**The problem**
Reproduce all lines of the listing below in which the word "Garden" occurs.

**Data to use**
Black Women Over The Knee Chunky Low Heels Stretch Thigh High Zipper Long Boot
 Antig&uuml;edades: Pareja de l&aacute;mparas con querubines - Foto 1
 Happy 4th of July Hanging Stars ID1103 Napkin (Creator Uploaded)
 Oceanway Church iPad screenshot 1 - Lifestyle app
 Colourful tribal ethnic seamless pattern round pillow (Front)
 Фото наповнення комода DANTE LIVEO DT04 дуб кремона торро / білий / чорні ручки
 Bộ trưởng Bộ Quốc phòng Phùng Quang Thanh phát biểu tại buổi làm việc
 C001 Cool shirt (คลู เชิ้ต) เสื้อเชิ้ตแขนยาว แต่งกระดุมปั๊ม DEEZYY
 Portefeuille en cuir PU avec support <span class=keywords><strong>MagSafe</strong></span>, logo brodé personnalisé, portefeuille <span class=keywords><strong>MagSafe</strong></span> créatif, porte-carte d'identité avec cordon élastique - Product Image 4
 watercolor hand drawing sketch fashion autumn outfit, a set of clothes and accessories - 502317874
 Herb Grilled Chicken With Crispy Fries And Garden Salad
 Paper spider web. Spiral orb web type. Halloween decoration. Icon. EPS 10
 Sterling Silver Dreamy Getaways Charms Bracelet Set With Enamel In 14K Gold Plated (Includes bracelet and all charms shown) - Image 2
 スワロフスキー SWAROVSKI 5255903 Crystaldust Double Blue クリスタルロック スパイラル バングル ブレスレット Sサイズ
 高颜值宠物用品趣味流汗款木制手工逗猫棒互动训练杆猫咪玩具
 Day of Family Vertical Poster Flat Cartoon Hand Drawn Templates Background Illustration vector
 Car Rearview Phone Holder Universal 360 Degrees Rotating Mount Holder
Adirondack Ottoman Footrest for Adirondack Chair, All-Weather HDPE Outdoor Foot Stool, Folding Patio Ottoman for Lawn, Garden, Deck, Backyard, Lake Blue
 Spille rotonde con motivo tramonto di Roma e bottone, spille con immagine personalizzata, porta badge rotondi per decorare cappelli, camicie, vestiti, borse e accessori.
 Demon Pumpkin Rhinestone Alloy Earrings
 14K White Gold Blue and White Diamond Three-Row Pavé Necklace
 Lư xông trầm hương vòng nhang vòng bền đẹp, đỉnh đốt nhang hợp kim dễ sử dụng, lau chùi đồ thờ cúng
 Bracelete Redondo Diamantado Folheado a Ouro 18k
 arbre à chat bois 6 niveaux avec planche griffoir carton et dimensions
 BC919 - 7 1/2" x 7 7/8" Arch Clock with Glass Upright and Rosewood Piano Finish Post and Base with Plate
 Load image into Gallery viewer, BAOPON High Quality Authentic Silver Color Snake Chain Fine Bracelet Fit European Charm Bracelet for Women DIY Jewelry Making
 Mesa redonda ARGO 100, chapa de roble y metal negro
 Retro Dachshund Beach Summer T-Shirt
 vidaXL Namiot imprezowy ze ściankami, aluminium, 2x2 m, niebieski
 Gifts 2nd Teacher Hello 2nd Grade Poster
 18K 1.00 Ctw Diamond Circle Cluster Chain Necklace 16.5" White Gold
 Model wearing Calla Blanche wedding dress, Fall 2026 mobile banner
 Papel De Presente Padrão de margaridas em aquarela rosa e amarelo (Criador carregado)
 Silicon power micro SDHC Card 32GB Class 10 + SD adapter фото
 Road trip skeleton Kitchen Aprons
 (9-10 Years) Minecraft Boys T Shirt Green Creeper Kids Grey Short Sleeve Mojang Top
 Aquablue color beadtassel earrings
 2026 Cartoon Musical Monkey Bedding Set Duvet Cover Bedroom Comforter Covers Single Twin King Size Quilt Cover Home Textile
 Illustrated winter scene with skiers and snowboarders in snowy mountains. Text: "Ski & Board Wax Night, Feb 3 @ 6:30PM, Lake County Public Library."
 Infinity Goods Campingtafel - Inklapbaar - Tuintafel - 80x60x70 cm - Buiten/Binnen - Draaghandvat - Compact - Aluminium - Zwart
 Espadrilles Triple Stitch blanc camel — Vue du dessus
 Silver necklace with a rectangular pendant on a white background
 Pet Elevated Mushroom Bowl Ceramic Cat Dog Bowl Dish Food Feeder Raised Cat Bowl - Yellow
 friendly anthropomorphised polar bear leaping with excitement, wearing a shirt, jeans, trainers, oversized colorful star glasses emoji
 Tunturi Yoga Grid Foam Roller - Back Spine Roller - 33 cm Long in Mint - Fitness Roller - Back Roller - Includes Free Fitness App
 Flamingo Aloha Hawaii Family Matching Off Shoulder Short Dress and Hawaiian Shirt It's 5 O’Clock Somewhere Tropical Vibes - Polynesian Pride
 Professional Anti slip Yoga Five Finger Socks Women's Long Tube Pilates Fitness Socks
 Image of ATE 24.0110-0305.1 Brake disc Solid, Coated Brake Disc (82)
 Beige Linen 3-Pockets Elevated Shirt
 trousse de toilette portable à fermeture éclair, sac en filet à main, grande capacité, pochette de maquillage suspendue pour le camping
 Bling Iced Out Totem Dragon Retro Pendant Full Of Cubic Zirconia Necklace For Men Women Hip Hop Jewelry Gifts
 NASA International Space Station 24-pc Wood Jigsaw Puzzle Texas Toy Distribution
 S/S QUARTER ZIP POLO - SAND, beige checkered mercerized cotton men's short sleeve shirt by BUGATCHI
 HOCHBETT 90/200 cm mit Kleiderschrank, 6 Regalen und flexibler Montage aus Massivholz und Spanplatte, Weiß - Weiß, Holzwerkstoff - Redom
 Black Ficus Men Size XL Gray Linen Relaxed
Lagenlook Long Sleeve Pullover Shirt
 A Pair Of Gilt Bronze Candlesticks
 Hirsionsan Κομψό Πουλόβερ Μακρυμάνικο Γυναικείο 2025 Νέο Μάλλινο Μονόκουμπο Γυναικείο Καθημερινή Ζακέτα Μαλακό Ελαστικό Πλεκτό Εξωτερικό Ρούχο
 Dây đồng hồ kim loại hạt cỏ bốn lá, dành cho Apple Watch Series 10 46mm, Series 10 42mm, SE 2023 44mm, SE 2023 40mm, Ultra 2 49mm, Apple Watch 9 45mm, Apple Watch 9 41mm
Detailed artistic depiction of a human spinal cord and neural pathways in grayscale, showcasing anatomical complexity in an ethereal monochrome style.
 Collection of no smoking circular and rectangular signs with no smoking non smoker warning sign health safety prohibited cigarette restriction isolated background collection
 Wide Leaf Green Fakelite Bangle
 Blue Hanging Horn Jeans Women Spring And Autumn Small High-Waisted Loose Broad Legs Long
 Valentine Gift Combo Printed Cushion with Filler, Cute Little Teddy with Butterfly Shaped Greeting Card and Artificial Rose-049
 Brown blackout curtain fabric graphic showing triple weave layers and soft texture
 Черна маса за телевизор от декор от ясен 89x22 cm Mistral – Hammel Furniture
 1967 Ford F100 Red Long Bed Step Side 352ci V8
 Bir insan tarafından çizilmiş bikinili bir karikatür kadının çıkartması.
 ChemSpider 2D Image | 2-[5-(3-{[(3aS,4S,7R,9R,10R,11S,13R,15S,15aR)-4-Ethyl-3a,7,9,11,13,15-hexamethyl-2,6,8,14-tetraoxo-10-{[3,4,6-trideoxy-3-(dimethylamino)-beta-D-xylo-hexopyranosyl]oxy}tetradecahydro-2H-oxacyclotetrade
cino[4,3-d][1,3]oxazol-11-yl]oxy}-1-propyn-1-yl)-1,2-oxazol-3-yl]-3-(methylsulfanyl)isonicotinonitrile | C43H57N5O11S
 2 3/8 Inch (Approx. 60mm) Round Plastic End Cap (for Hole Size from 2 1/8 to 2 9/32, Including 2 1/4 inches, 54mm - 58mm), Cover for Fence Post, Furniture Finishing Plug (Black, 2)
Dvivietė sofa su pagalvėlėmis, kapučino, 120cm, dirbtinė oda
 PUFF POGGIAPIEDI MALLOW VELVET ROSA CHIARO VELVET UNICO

**Expected answer**
 Herb Grilled Chicken With Crispy Fries And Garden Salad
Adirondack Ottoman Footrest for Adirondack Chair, All-Weather HDPE Outdoor Foot Stool, Folding Patio Ottoman for Lawn, Garden, Deck, Backyard, Lake Blue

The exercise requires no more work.